7. If there is a kingdom now, why do we not see kingdom acts? In my opinion, the "kingdom now" proponents are very loose when it comes to arguing for the characteristics of the kingdom prophesied in the OT. There is no worldwide peace while the nations gather in submission to the King. There are not great miracles (actual miracles, not healing someone's back out in TVLand). Most recognize this. The question is, Why doesn't it carry more weight than it does? Why do we so easily dismiss these prophecies for the sake of finding a kingdom now? When Christ was on earth, he was doing kingdom acts. And when he left, those kingdom acts went with him, with the exception of a short stint in the apostolic era for the purpose of confirming the message (cf. Heb 2:4).
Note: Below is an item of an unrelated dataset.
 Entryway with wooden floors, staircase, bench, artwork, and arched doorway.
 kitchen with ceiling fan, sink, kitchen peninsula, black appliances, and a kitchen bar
8. When Jesus told the Pharisees that the kingdom would be taken from them and given to a nation (ethnos) producing the fruit of it, who is that? I think the ethnos to whom it is given is the people prophesied of in Zechariah 12, who look on the one whom they pierce and mourn. This prophecy is seen fulfilled in John 19:37 when Jesus was pierced, and Revelation 1:7 where the nations mourn over him when they see him coming on the clouds. This is a kingdom prophecy that is future, not past or present. The piercing has already taken place. The looking has not. Yet that is the precursor to the kingdom, it seems to me, since the Son of Man coming in the clouds is the Son of Man coming in his kingdom.
The upshot of all this is that I think it is undeniable that there is a future millennial kingdom on earth in which ethnic Israel will be restored to a position of honor after having repented and accepted Christ as their Messiah. And I see no reason to try to shoehorn that kingdom into the present age. I don't think the apostles said it was "now." I think the OT descriptions specifically preclude it from being "now," given that what they said would accompany the kingdom is nowhere to be found.
This is not a matter of orthodoxy, but is a matter of accuracy. Until I find answers to the reasons I have listed, I will have a hard time switching my position.
Lastly, on the issue of pursuit of social justice issues, I tend to believe that the church and Christians do not do enough in that arena. We should do more, but let's not do it because of the kingdom (as Keller, et al would do). That creates far too many theological problems. Let's do it because the NT tells us to, and because we believe the Bible does have transforming effects in people's lives. (I will write later to defend that more since this is already quite long enough.)